*** INFORMATION SHOWN ***

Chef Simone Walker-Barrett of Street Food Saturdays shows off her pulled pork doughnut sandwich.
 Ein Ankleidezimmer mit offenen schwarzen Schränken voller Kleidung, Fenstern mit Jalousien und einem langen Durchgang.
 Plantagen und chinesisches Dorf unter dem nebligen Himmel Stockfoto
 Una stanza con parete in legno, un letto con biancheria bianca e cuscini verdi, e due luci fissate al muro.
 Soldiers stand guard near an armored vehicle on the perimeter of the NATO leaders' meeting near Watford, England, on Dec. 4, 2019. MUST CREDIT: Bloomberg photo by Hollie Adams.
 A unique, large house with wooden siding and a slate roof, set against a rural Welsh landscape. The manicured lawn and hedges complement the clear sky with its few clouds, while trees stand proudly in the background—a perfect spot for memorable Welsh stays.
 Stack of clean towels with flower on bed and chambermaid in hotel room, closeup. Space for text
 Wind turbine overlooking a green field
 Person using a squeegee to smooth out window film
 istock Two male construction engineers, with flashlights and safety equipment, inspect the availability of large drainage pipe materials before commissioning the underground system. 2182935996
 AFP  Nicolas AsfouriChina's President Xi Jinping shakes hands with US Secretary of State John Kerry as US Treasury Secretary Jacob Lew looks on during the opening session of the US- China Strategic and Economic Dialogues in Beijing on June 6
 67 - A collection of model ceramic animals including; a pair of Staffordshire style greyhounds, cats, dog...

*** End of INFORMATION SHOWN ***

**TASK INSTRUCTIONS:** The required output is the line holding "Wind turbine overlooking a green field" plus every line after it in the data, reproduced exactly.

**REPLY TO THE TASK:**
 Wind turbine overlooking a green field
 Person using a squeegee to smooth out window film
 istock Two male construction engineers, with flashlights and safety equipment, inspect the availability of large drainage pipe materials before commissioning the underground system. 2182935996
 AFP  Nicolas AsfouriChina's President Xi Jinping shakes hands with US Secretary of State John Kerry as US Treasury Secretary Jacob Lew looks on during the opening session of the US- China Strategic and Economic Dialogues in Beijing on June 6
 67 - A collection of model ceramic animals including; a pair of Staffordshire style greyhounds, cats, dog...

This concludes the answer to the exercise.